Action item:
Set down every record below exactly as written, but leave out the pictures.

Information provided:
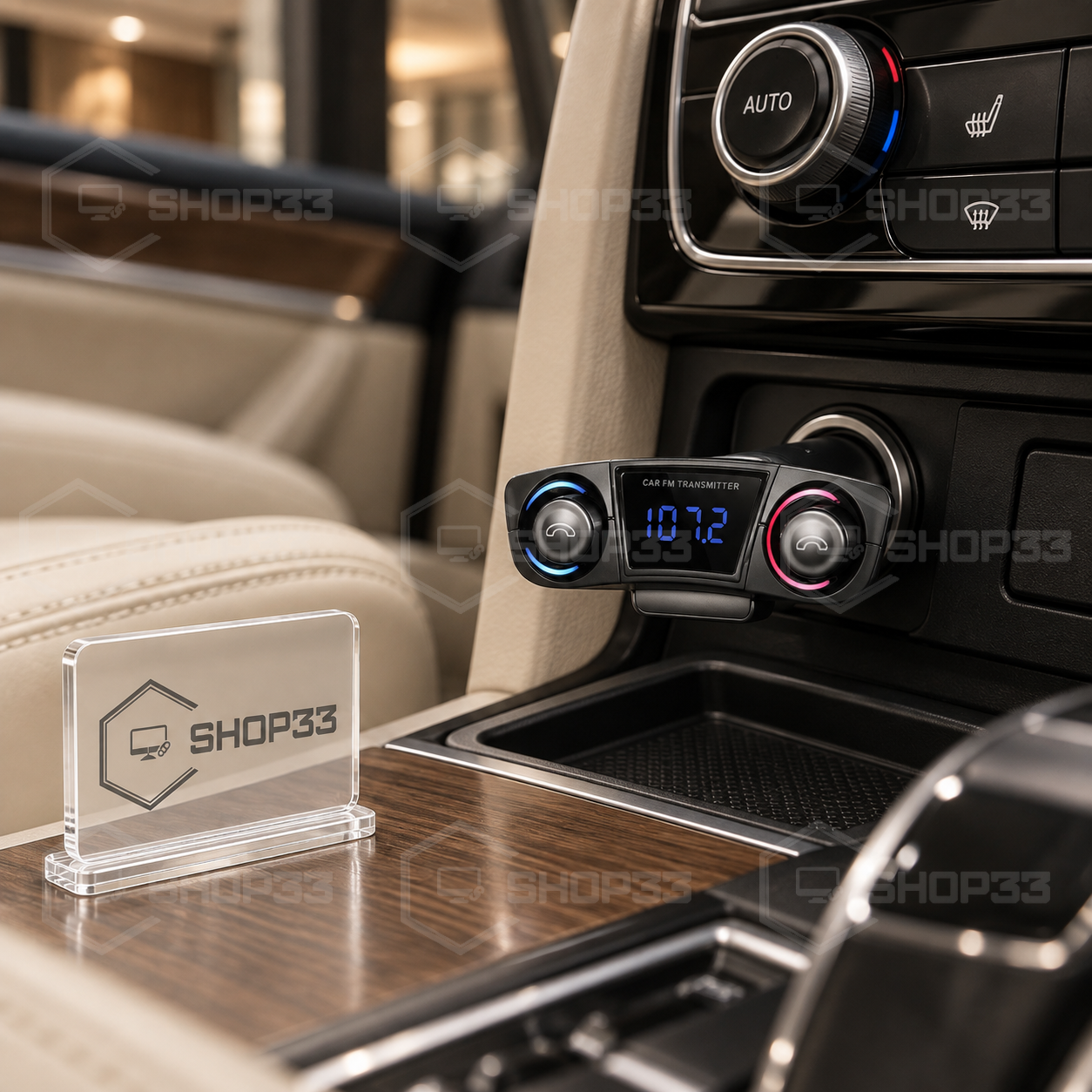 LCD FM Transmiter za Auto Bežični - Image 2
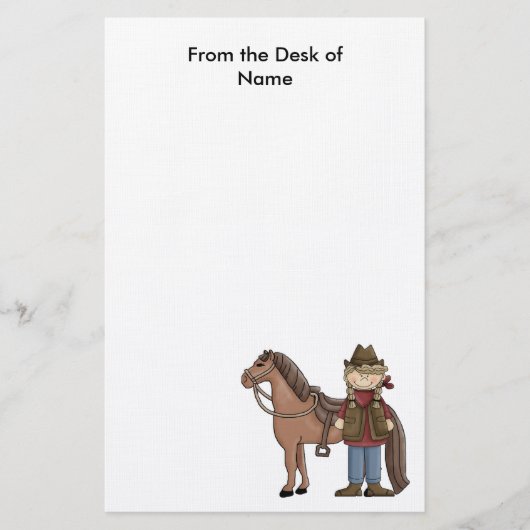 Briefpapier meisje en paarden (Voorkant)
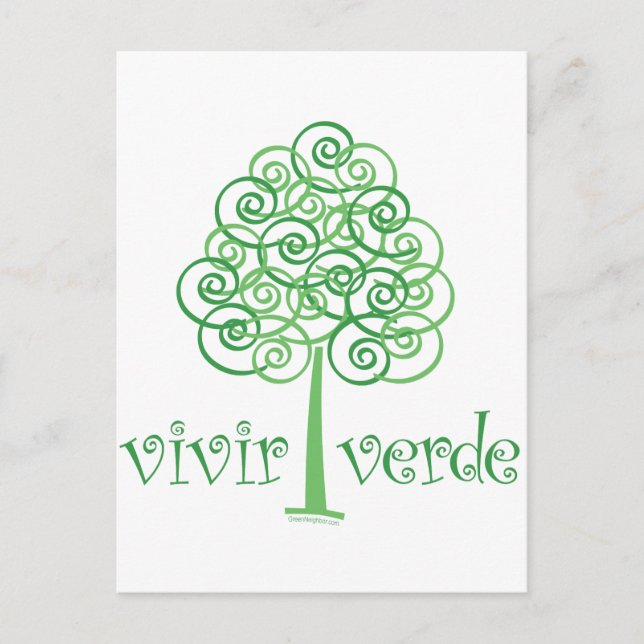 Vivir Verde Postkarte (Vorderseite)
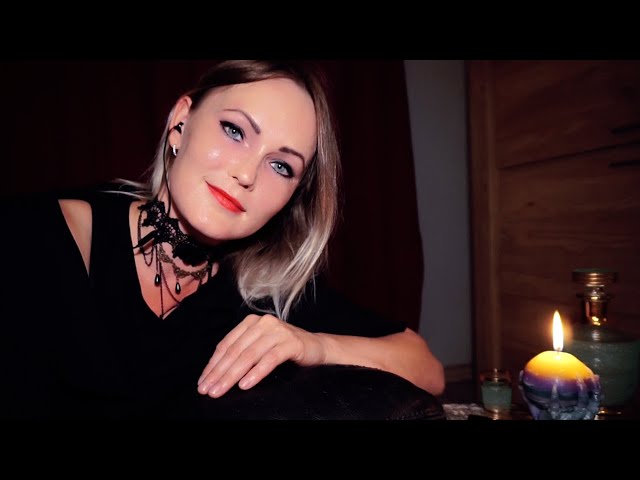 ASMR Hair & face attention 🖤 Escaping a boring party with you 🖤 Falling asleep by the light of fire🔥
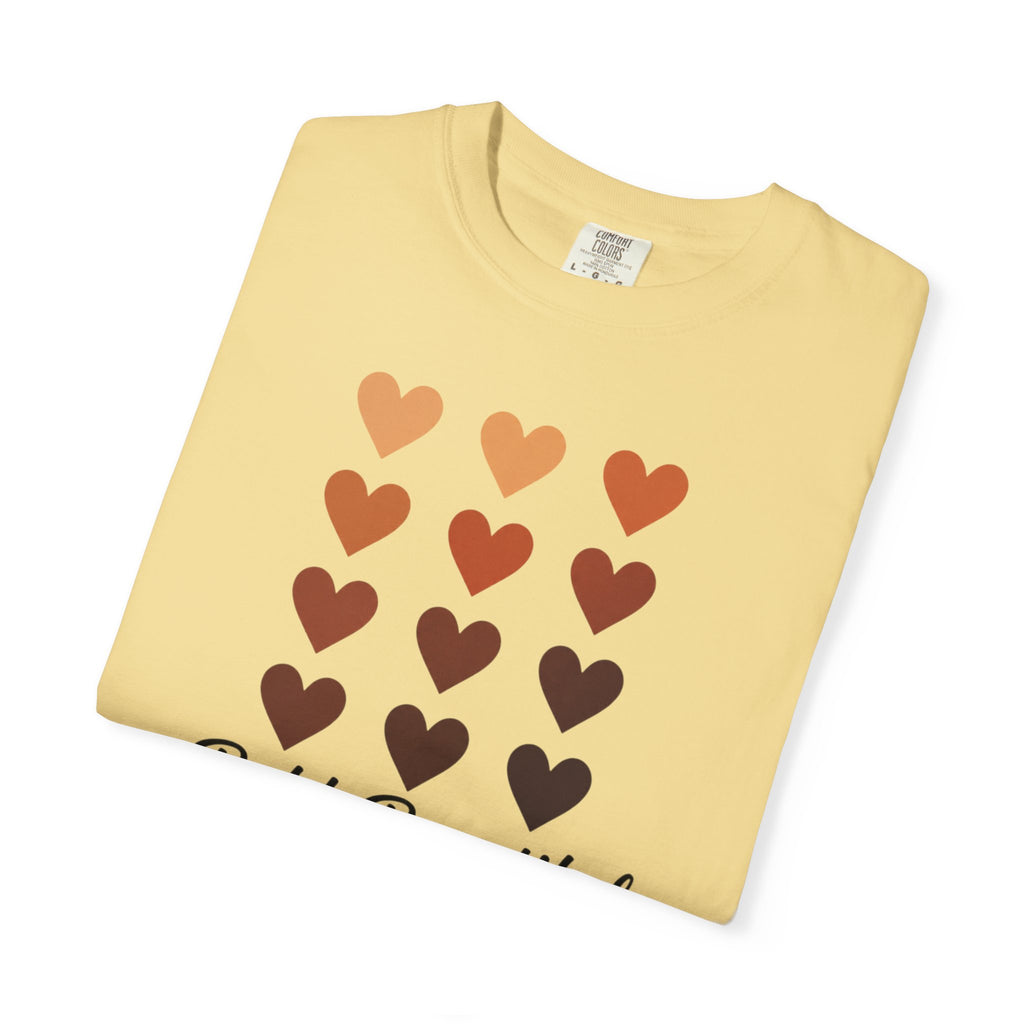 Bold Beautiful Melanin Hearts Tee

Result of the task:
 LCD FM Transmiter za Auto Bežični - Image 2
 Briefpapier meisje en paarden (Voorkant)
 Vivir Verde Postkarte (Vorderseite)
 ASMR Hair & face attention 🖤 Escaping a boring party with you 🖤 Falling asleep by the light of fire🔥
 Bold Beautiful Melanin Hearts Tee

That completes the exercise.